Yeah. So the I mean, the business has been totally informed by

what Influx was good at initially and kind of where it got adopted, right, because that's obviously where we where we built the business. I mean, we went to the path of least resistance,

and it's funny because

when I pivoted out of airplane out of server monitoring real time metrics

into,

you know, an open source time series platform and really just like an open source time series database,

it was because like I at that time and still now is true, I viewed server monitoring in real time metrics as a horribly crowded space that I didn't

have a particularly

strong

view on. Like, I wasn't the person to provide the best product in that space. But I did have a strong view on building a tool for developers

where they could use it to solve their problems. So that's why the platform focus, that's why the database focus because it's like, I can't tell you how what the great app looks like, but I can hopefully help you build a great app by giving you a tool to do so. Right?

And

the thing is like we did this pivot and the people who initially picked it up are people who basically wanted to roll their own monitoring stacks in larger companies usually. Right? So they pick up Influx as a tool, which essentially ended up pulling us back into this server monitoring metrics

space,

but in a different kind of way. And the thing is like, obviously,

like we need to figure out a way to pair our developers and continue to write open source code, so we had to figure out a way to turn it into a business, and we kind of just took that pathway.

But

at the same time, like the API that I developed initially was kind of about this idea that it's not metrics that you're writing in. It's really the goal was like events. I wanna be able to write any sort of event data in and do a query on it later to to gather, like, summary information if I want or the high precision raw information if I want. Now,

like, obviously, like, no technology is perfect. Sadly, neither is Influx.

And

my vision

for what I wanted the platform to be able to do was far greater than what we've been able to to do along the way.

So

Metrix was the first thing that was actually a pretty decent ad, but the thing is as people use it, you know, they get comfortable with this API that it has, this like push API where you can just push events and stuff like that. And they wanna use it in more ways where you find like events being a thing. So 1 of the problems

people come up against pretty quickly is this idea of this cardinality problem. Right? So most metric systems,

right, whether it's

Prometheus or whoever,

have this kind of like data model where you have a metric and you have tags and then you have value and timestamp.

Influx has this, but Influx's data model has a bit more than that because again, it's not just about individual numerical values, it's about tracking a bunch of other stuff. But basically the cardinality problem is

what you write into your tags. And these become things like dimensions on which you wanna slice and dice your data. But the way people want to write data in is like

tracing, for example.

They wanna write in the span ID

or the trace ID or whatever.

And what that means is as you write the data in,

each row you write in will have a unique value.

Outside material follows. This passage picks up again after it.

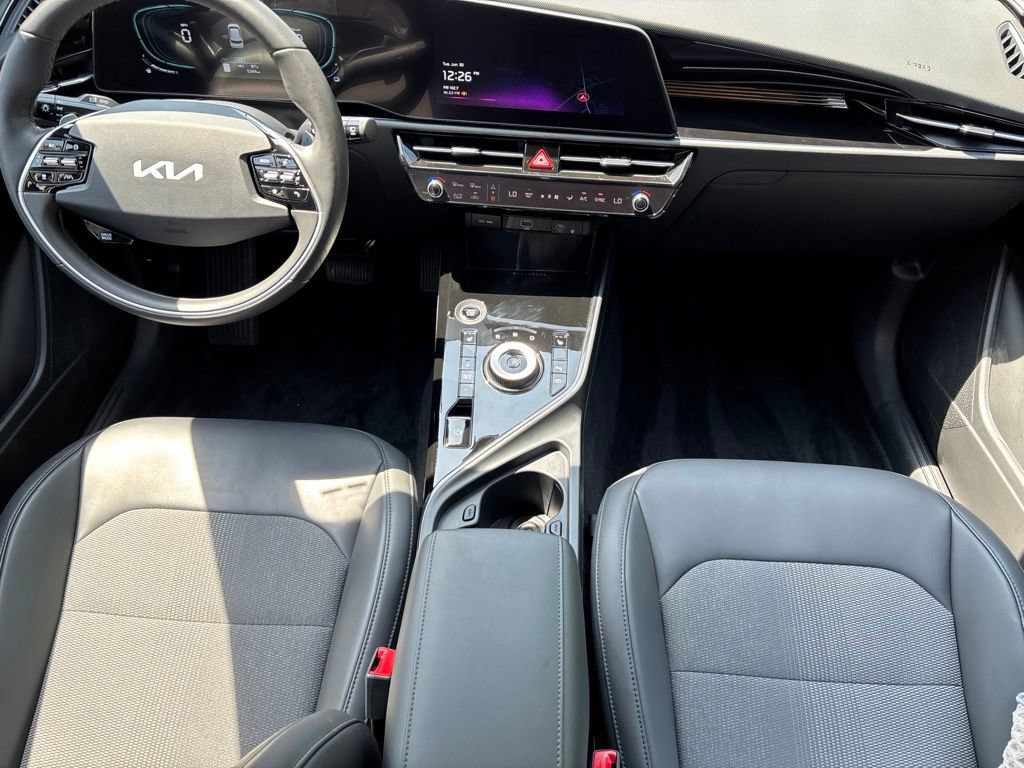 Used 2025 Kia Niro EX w/ EX Cold Weather Package FWD image 20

Right? And for the way metric systems are designed,

they basically completely fall over if you try to do something like that. And literally

every metrics database will tell you, like, don't do this.

Now

what's happened over the last, I'd say,

5 years or so is every single system has gotten better and better about the number of individual time series you can write in. And really the primary driver of this initially was not because they wanted to be able to host tracing data,

but because

they wanted to be able to track time series data in containers.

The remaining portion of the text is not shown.